1. The written order clause of § 101(6) encompasses only those persons ordered to vacate in connection with the actual or proposed acquisition of property for a federal. program. Pp. 441 U. S. 49-63.
(a) Both the language and origins of the Relocation Act demonstrate that Congress intended to provide relocation assistance when property is acquired for federal programs, not to extend assistance beyond that limited context for all persons somehow displaced by Government programs. Pp. 441 U. S. 49-53.
(b) Similarly, the legislative history of the written order clause reveals no congressional intent to extend relocation benefits beyond the acquisition context. Rather, this clause was designed to ensure that assistance is available for a distinct group of persons directed to move because of a contemplated acquisition, whether the agency ultimately acquires the property or not. Thus, the clause applies only when a proposed acquisition directly causes issuance of the notice to vacate and the property acquisition is intended to further a federal program or project. Pp. 441 U. S. 53-59.
(c) The structure of the Relocation Act, as well as the statutory provisions specifying the benefits available for displaced persons, manifests the limited scope of § 101(6) and the written order clause. Pp. 441 U. S. 60-62.
(d) In essence, the written order clause embodies two causal requirements. First, the written order to vacate must result directly from an actual or contemplated property acquisition. Second, and more fundamentally, that acquisition must be "for," or intended to further, a federal program or project. In combination, these two causal requirements substantially limit applicability of the clause, so that persons directed to vacate property for a federal program cannot obtain relocation assistance unless the agency also intended at the time of acquisition to use the property for such a program or project. Thus, a program developed after the agency procures property will not suffice, even though it necessitates displacements, since that program could not have motivated the property acquisition. Pp. 441 U. S. 62-63.
2. Here, the relationship between HUD's acquisitions and orders to
vacate does not bring the tenants within the purview of § 101(6). Pp. 441 U. S. 63-67.

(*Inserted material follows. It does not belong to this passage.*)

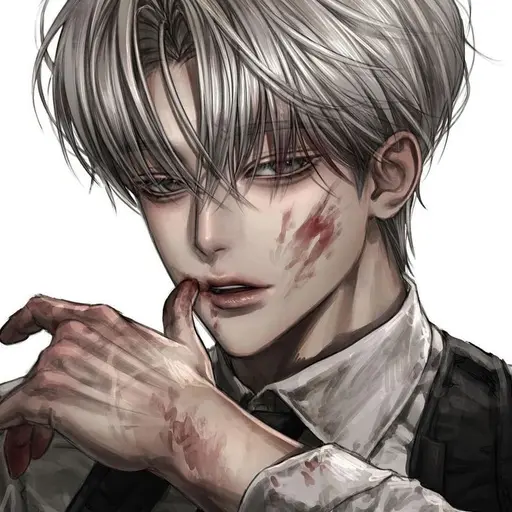 s._ie의 이 도 현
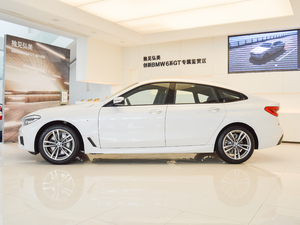 2018630i M\(yn)b (c)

(a) The Relocation Act's legislative history demonstrates that the mere anticipation and authorization of default acquisitions in the National Housing Act mortgage insurance programs cannot render these tenants eligible for relocation assistance under § 101(6). By requiring that an acquisition be "for" a federal program or project, Congress intended that the acquisition must further or accomplish a program designed to benefit the public as a whole. Even assuming that the mortgage insurance programs constitute federal "programs or projects," default acquisitions arising out of those programs do not satisfy § 101(6)'s causality requirements. Although these default acquisitions occur as a result of the mortgage insurance programs' failures, they do not further the purpose of these particular programs. Pp. 441 U. S. 665.
(b) In addition, HUD's adoption of a property management plan cannot retroactively establish the requisite purpose for acquiring property in the first instance. P. 441 U. S. 65.
(c) Even though HUD's demolition plan in No. 77-1463 is the type of program or project to which § 101(6) refers, HUD did not acquire the project for that purpose. The statute requires more than a causal connection between the order to vacate and the demolition program. The program or project must also be the reason for acquiring the property. Without the requisite relationship between the demolition program and the acquisition, HUD's proposal for disposing of the housing project is no different than any other property management plan, insufficient by itself to confer eligibility under § 101(6). Pp. 441 U. S. 65-66.
No. 77-874, 555 F.2d 166, affirmed; No. 77-1463, 187 U.S.App.D.C. 156, 571 F.2d 590, reversed.
MARSHALL, J., delivered the opinion for a unanimous Court.